Work task →
Please return the full listing. Every line must match exactly.

Given material →

# # #

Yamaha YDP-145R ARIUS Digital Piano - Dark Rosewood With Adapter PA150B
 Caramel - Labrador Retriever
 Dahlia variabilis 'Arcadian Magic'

# # #

Result →
Yamaha YDP-145R ARIUS Digital Piano - Dark Rosewood With Adapter PA150B
 Caramel - Labrador Retriever
 Dahlia variabilis 'Arcadian Magic'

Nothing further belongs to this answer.